Cost $3.46 plus sides
Kristy @momhatescooking says
I ran into a similar problem tonight, when I realized the recipe I had going in my head wasn’t going to work and I had to redo a few things. It all turned out thanks to my husband being home this evening to watch my son…if not I think we would of been having PB & J! 🙂
Sugar & Spice Frugal Advice says
I have seen so many recipes that call for “white sauce” and never knew how to make my own. Thanks for the helpful video!
Sadie says
Adding an egg to the chicken mixture would help them hold together. I make “salmon croquettes” quite frequently, based on the directions from my own grandmother (born in 1930), which calls for a can of salmon (remove bones/skin), a sleeve of saltine crackers, and an egg. (I of course double or triple that recipe for my growing tribe). I always serve them with mashed potatoes, a veggie, and provide ketchup and Colman’s mustard for dipping – just like she did when I was growing up with her. 🙂
Erin, The $5 Dinner Mom says
@Sadie,
I just wish that the recipe had included an egg or something.
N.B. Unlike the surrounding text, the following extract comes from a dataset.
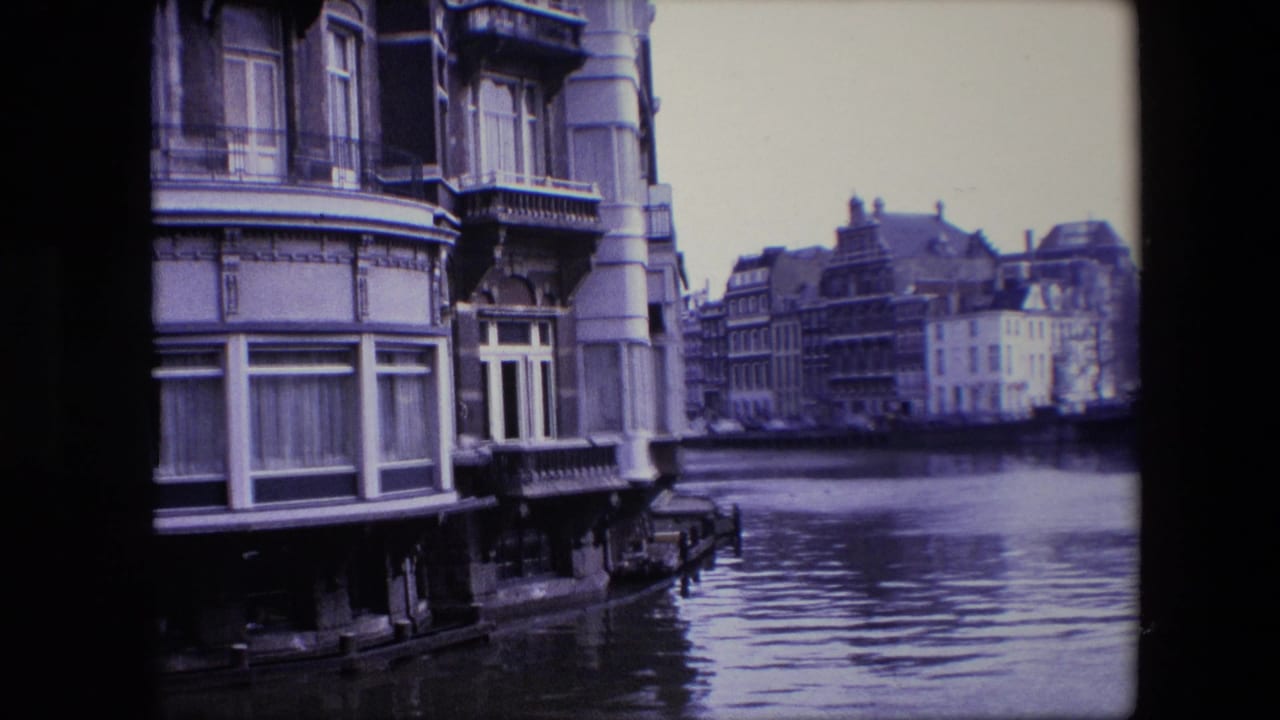 Amsterdam canal scene with the foreground building partly cropped, rippled water across the lower frame, and historic waterfront facades in the distance.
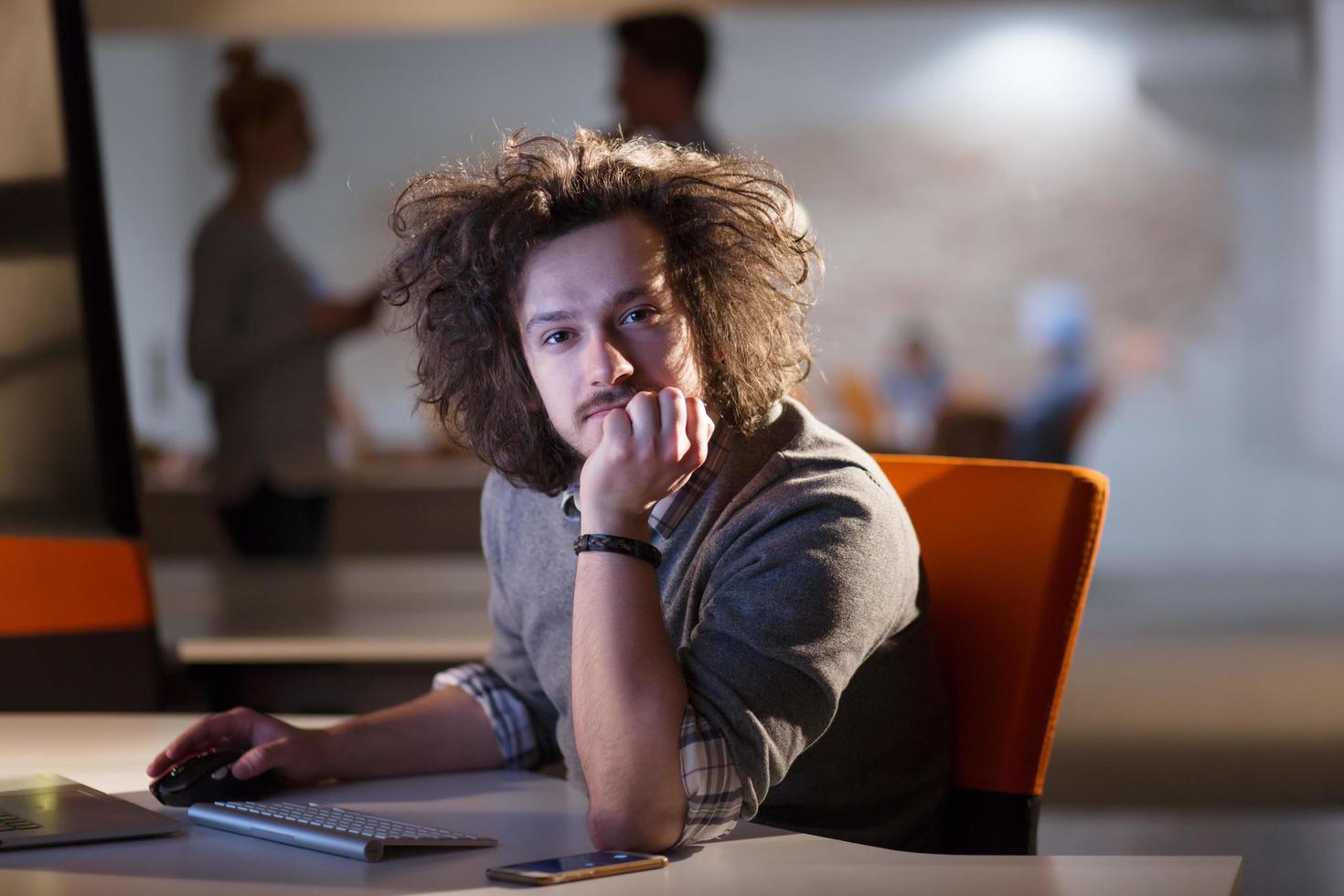 uomo Lavorando su computer nel buio ufficio foto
I thought about adding one, but wanted to stay as true as possible to the original recipe! I’ll certainly add an egg next time!
Love the dipping choices too Sadie!
Thanks for sharing 🙂
Liz@HoosierHomemade says
I cherish the cookbooks that my Mom and Mother-in-law gave me, especially the church cookbooks.
Thanks so much for hosting!
~Liz
Debbi Does Dinner Healthy says
I love old cookbooks. Can’t you just picture them cooking along with you sometimes? Great recipe! Thanks!
Alea says
I ended up using my Great-Grandmother’s cookbook to help me revise dinner tonight. I love seeing her handwriting in the margins!
Queen of the House says
I have never heard of Chicken Croquettes…they sure look nummy though!
I love using vintage recipes….thanks for highlighting them! 🙂
Claire says
I am loooking forward to making these for my family of 8 next week! Thank you for your site and help!
Joey says
I’ve been making these for years and years. If you chill the chicken mixture prior to making the balls (I make cylinders), they will hold together nicely for you.
We eat chicken croquettes for Thanksgiving, as my husband doesn’t like turkey.
James Cummings says
If you roast a small or large chicken and stuff it, the stuffing and gravy can be used to make croquettes. The herbs and spices in the stuffing make them very flavorful. I bake them instead of frying. Leftover croquettes make great sandwiches with a little mayonnaise. This works well with turkey also. Here is the recipe I use: http://quiltersmuse.com/turkey-croquettes.htm
rosa parks says
I make turkey croquettes every year and I ground my turkey up and add seasoning I add some milk gravy to the ground up turkey and they hold together very good then I fry them.